I’ve run a PBS job and qstat shows the following: resources_used.cpupercent = 196 How is it possible to use more than 100% of cpus?

The PBS system regularly polls all of the running jobs every 120 seconds. At each polling cycle it calculates an integer value called cpupercent. This is a moving weighted average of CPU usage for the cycle, given as the average percentage usage of one CPU. For example, a value of 50 means that during a certain period, the job used 50 percent of one CPU. A value of 300 means that during the period, the job used an average of three CPUs.

Therefore, if your job just uses one core it should be showing 100 cpupercent. If your job can use multiple cores and you have asked for 32 cores it should be showing 3200 cpupercent. If its a lot less then your job is not running efficiently.

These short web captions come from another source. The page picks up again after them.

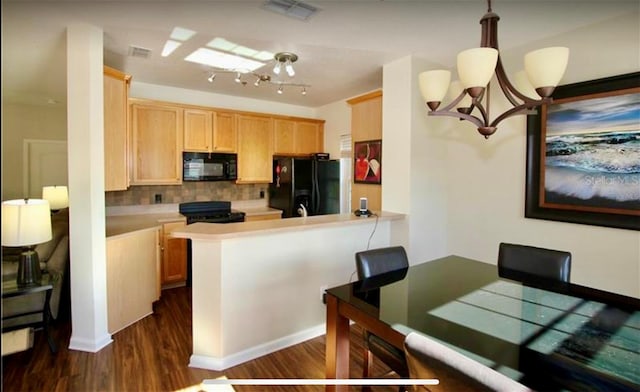 kitchen featuring kitchen peninsula, decorative light fixtures, a notable chandelier, and black appliances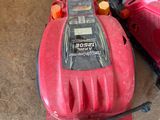 a red blower sitting on the floor next to other items
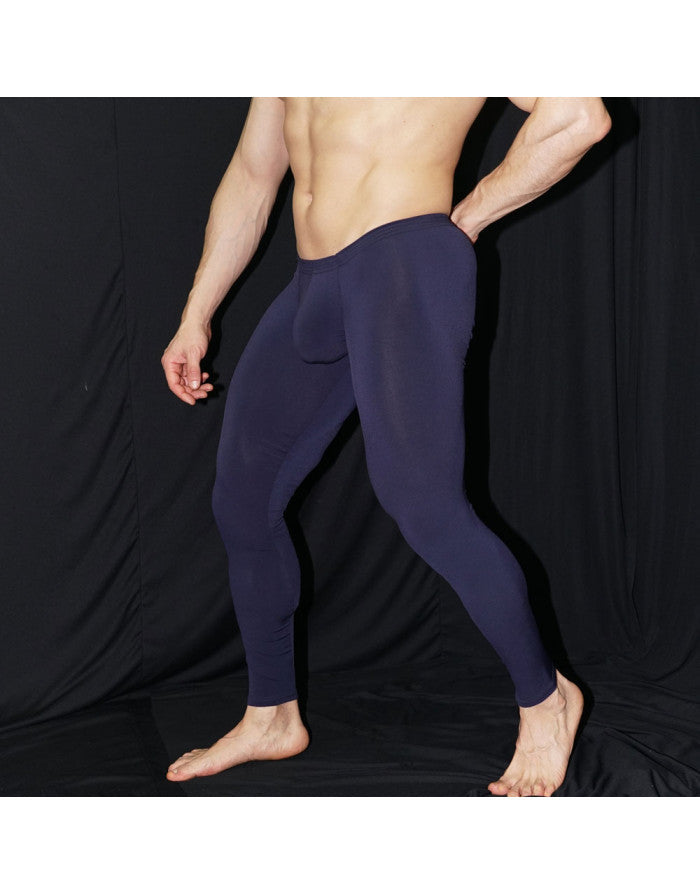 Navy blue form-fitting Arroyman bulge runner tights rnR006s men’s sculpted performance leggings shown from the back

What is resources_used.vmem ?

I’ve run a PBS job and qstat shows the following:

resources_used.mem = 656112kb     <== about 0.6 GB
resources_used.vmem = 5038504kb   <== about 5 GB

What is “vmem”?

This is “virtual memory. Virtual memory includes the physical RAM that was used plus any files on disk that have been mapped into memory plus any “swap” memory used. Some applications allocate lots of virtual memory even if they only need a fraction. In most cases you can just ignore this value.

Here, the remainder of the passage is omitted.